**INPUT MATERIAL:**

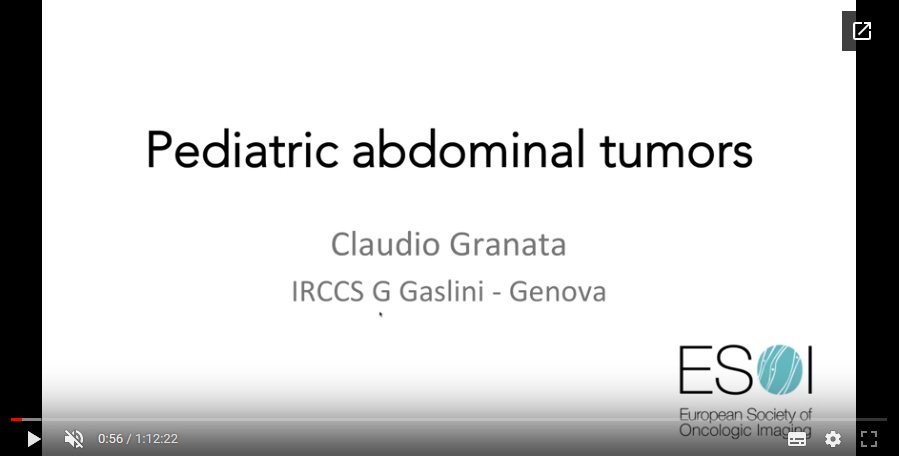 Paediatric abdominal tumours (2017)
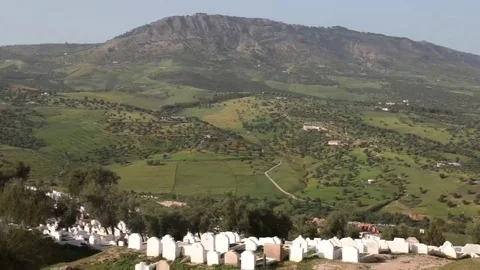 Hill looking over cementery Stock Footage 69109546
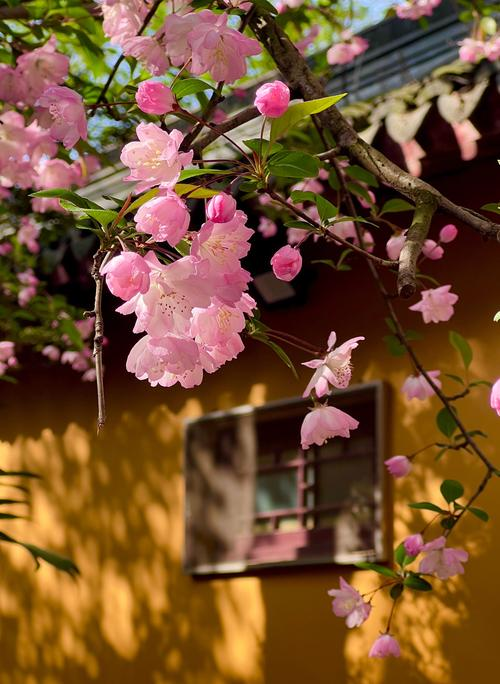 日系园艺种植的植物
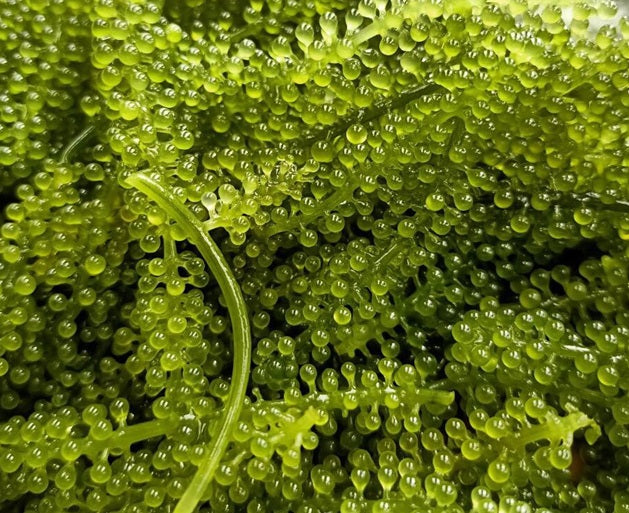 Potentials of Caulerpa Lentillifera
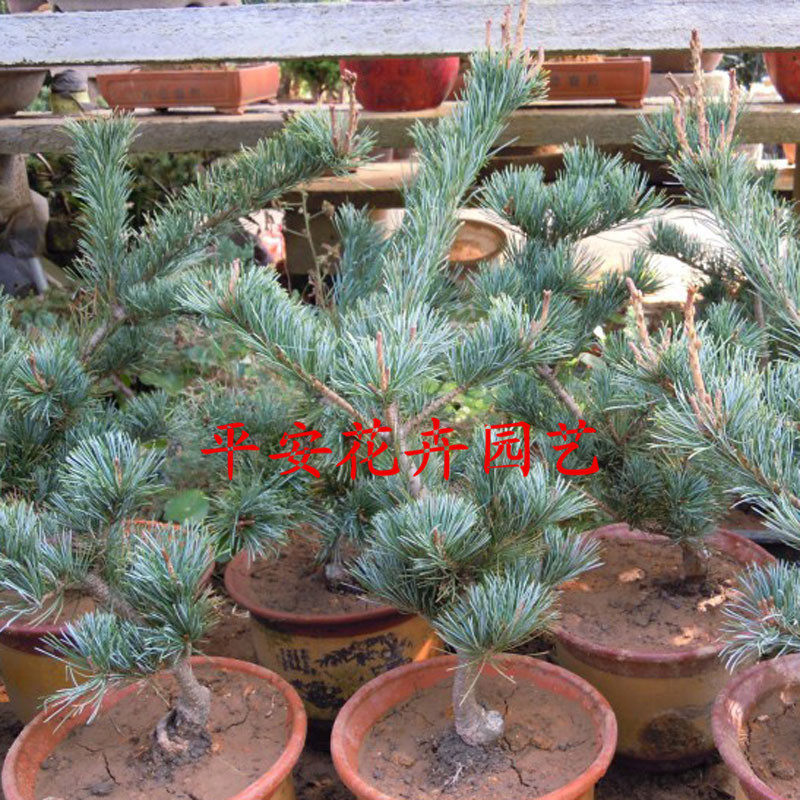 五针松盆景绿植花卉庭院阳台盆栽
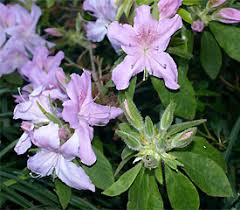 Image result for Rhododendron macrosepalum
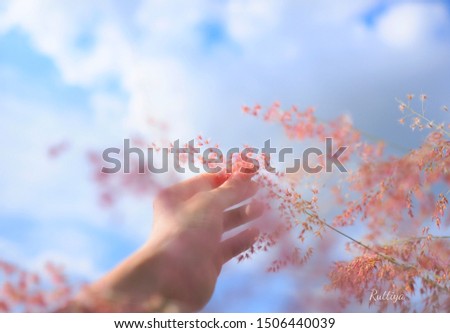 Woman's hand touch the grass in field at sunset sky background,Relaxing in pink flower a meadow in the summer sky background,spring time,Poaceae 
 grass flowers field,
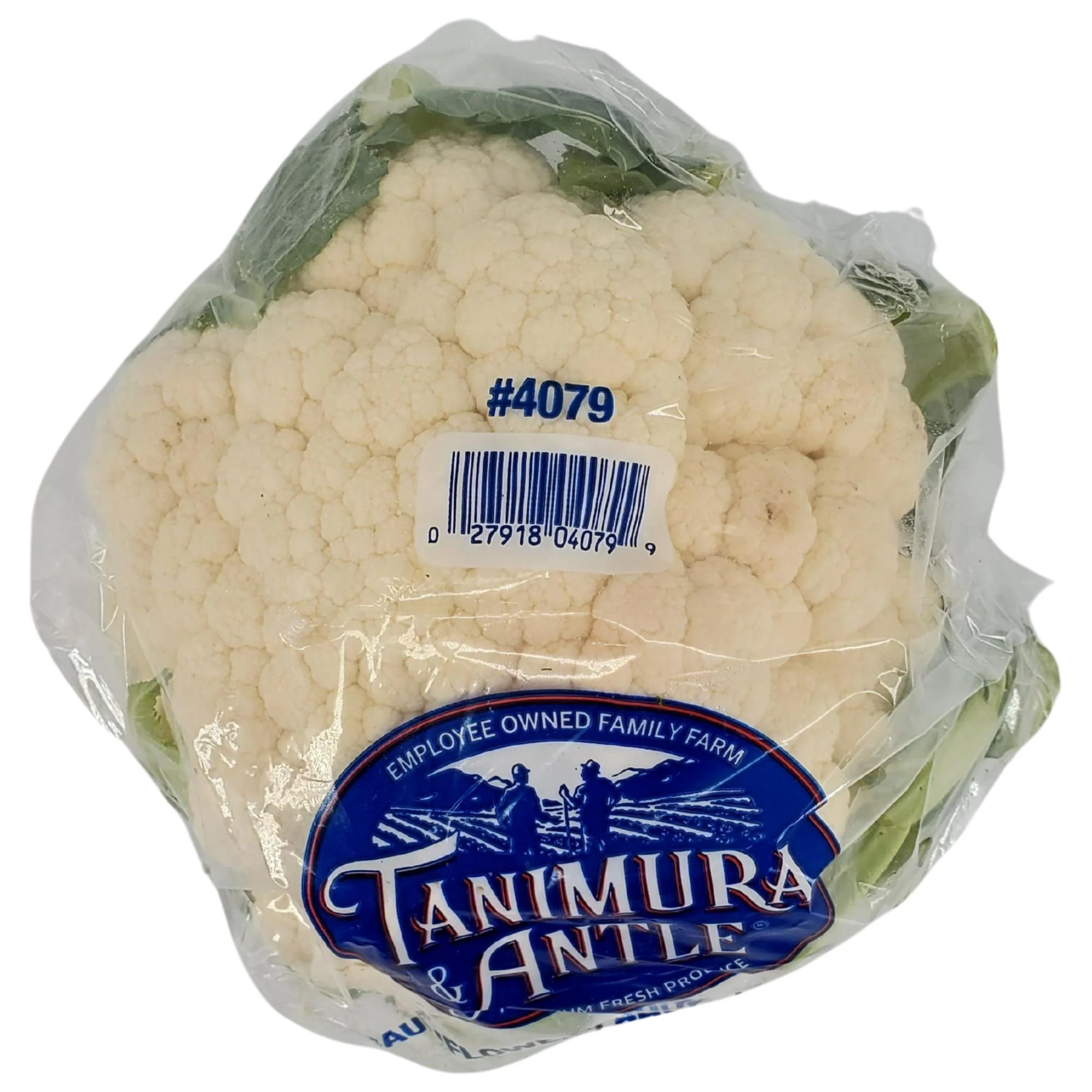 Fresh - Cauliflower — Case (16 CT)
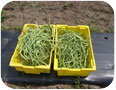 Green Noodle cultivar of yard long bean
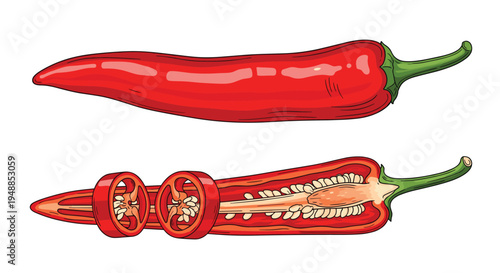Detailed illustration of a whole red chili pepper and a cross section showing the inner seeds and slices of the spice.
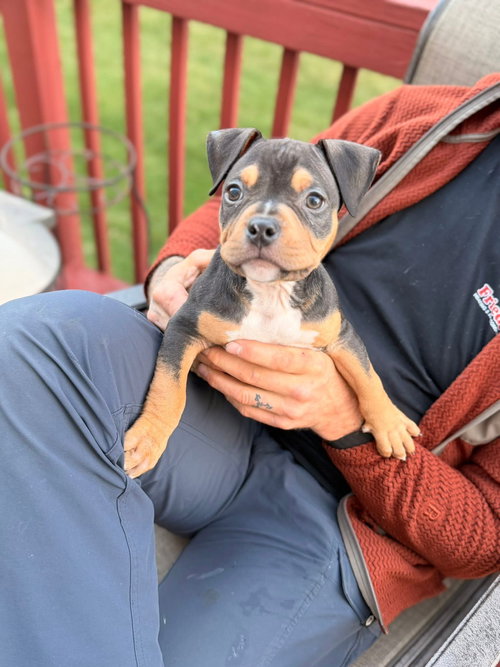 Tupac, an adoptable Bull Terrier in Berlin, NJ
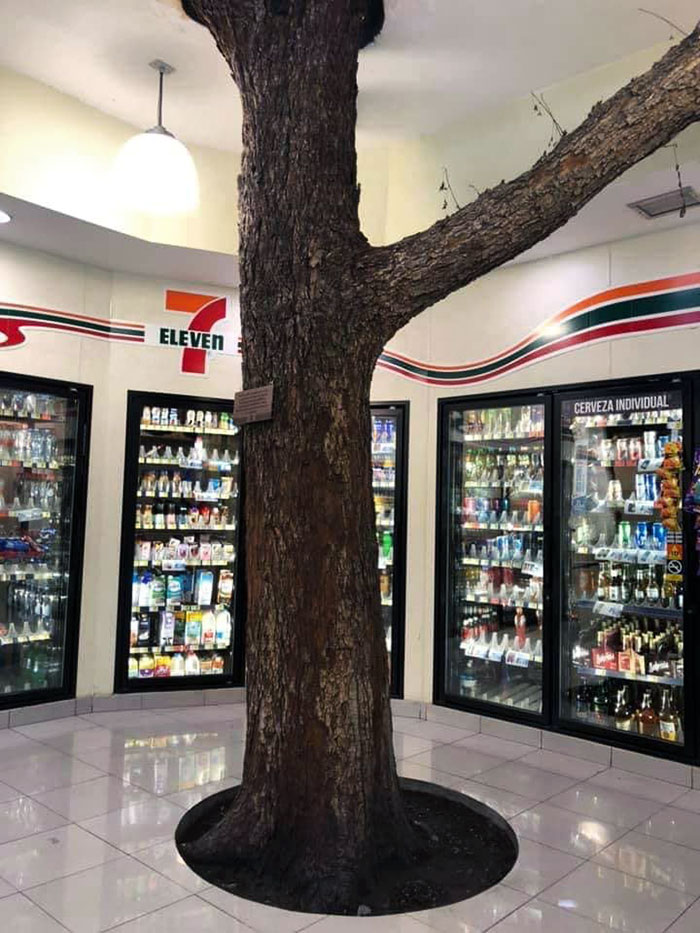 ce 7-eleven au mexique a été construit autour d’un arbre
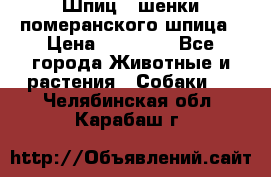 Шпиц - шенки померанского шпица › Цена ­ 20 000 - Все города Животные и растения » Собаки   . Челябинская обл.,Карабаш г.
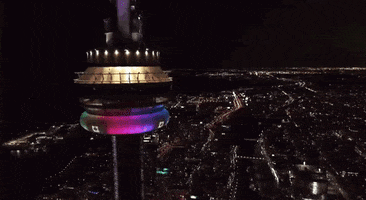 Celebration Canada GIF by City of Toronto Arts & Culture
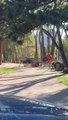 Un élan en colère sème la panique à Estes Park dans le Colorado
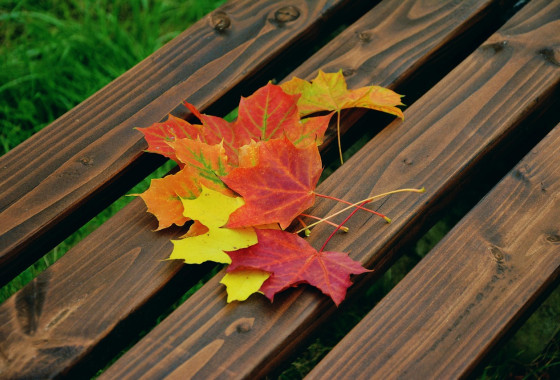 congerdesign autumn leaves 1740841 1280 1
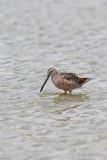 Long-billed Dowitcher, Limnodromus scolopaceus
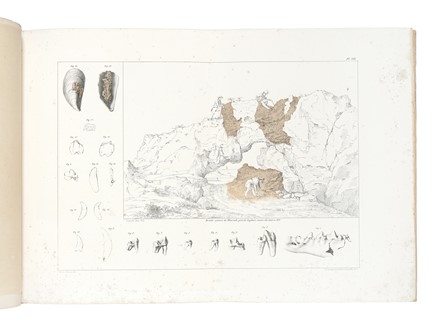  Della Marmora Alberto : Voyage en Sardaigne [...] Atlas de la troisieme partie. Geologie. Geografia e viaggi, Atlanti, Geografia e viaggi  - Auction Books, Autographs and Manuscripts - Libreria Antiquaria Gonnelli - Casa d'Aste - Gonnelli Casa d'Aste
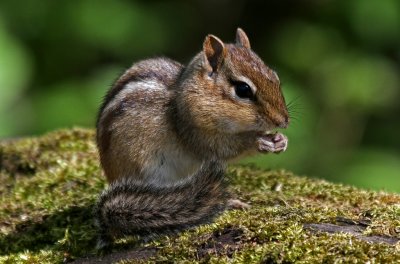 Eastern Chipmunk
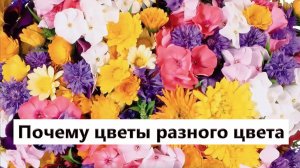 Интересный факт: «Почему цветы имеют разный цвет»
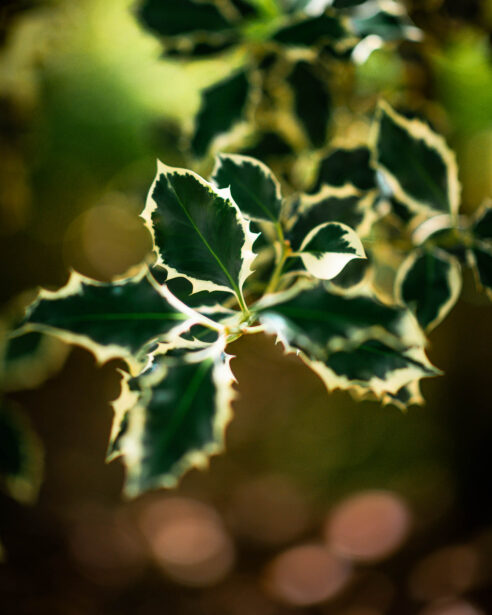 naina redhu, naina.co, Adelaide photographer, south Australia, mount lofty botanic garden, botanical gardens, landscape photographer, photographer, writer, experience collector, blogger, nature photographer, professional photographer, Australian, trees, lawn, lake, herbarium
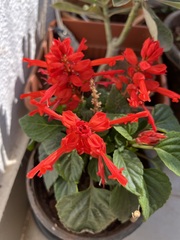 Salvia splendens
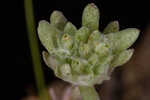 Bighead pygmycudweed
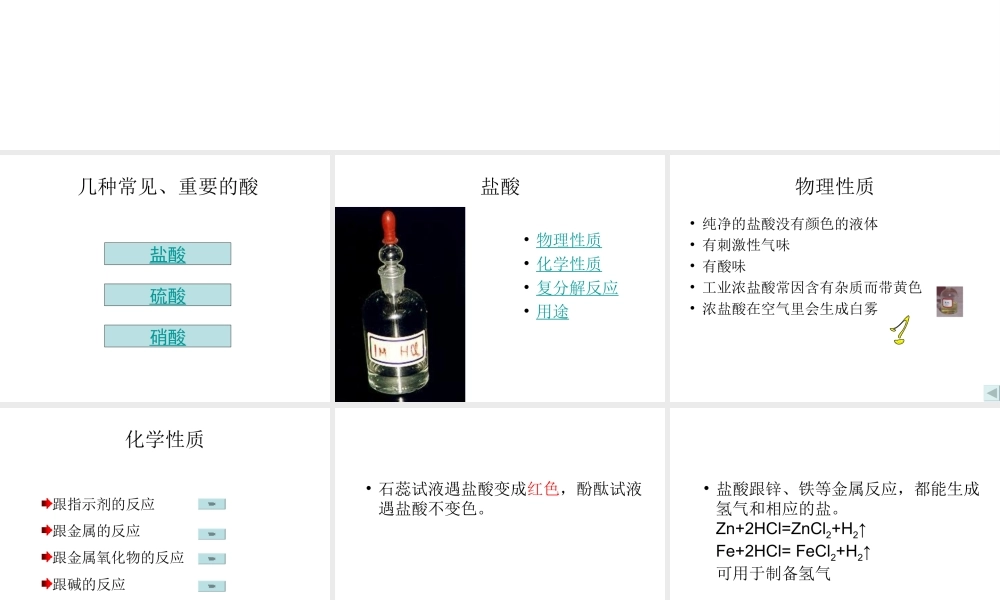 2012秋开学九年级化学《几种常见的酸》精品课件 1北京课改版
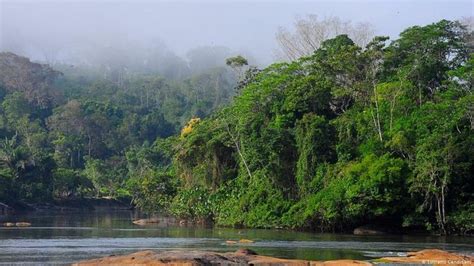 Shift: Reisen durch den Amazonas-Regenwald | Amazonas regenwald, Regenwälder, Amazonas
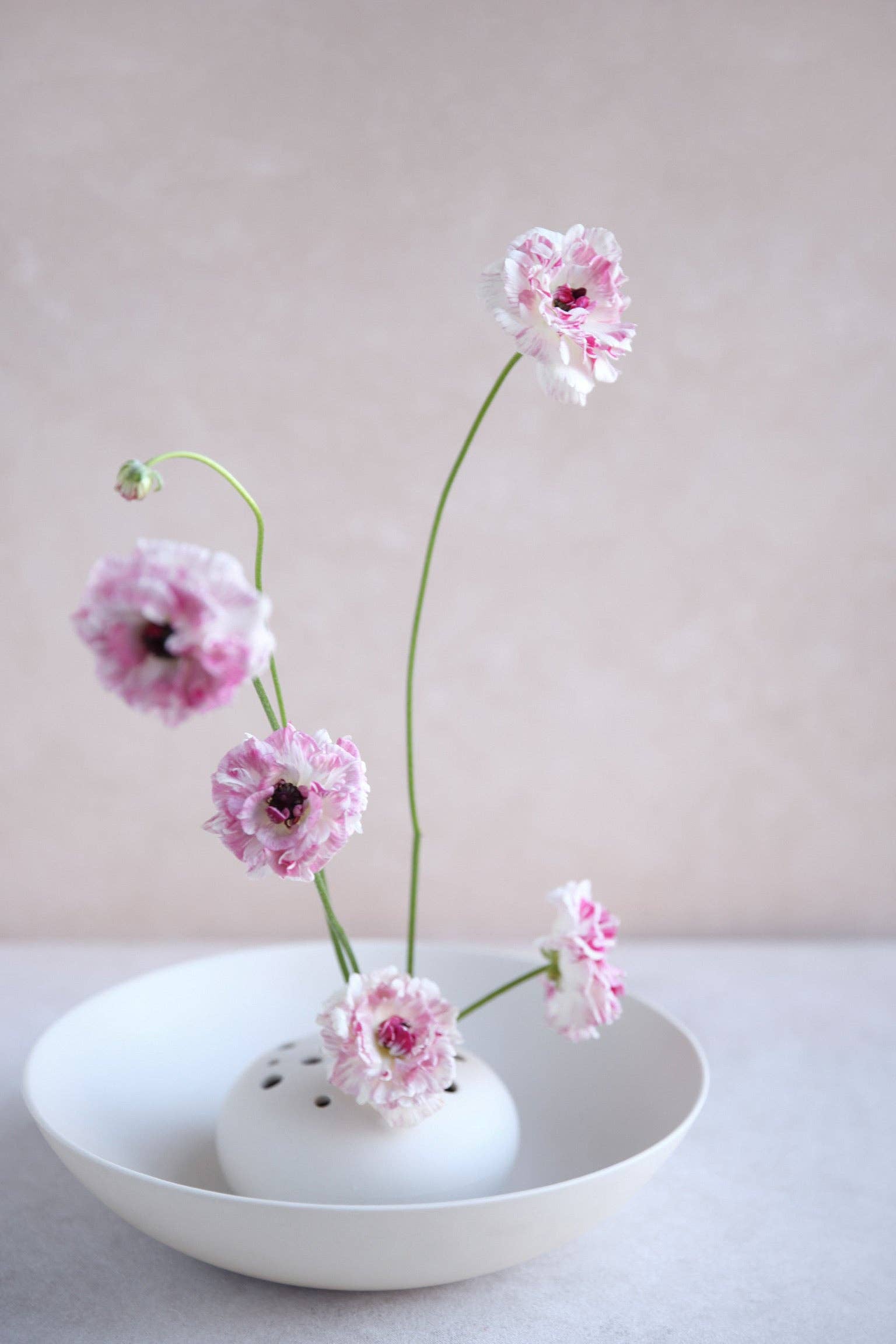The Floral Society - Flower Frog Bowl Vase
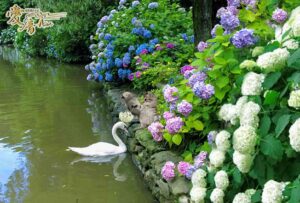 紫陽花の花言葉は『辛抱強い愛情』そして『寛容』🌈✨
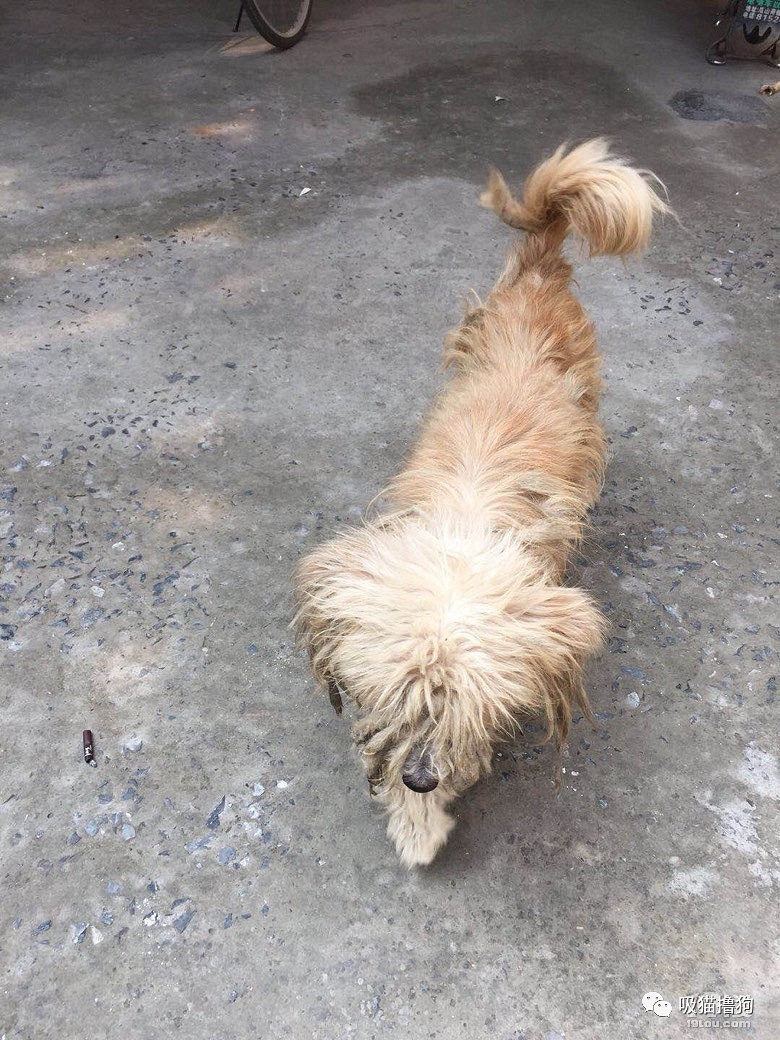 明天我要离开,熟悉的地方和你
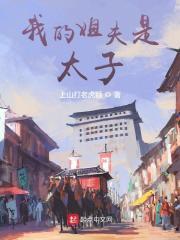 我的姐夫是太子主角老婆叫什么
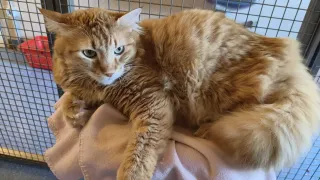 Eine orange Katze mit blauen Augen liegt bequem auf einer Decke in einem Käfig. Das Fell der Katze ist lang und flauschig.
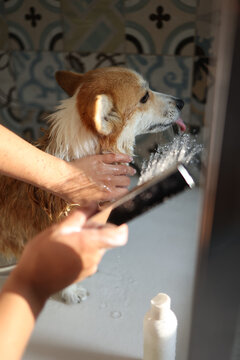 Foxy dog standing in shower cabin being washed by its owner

**YOUR INSTRUCTIONS:** Return, exactly as they stand, the lines above from the one with "цветы имеют разный" to the one with "Salvia splendens", omitting any pictures among them.

**EXERCISE ANSWER:**
 Интересный факт: «Почему цветы имеют разный цвет»
 naina redhu, naina.co, Adelaide photographer, south Australia, mount lofty botanic garden, botanical gardens, landscape photographer, photographer, writer, experience collector, blogger, nature photographer, professional photographer, Australian, trees, lawn, lake, herbarium
 Salvia splendens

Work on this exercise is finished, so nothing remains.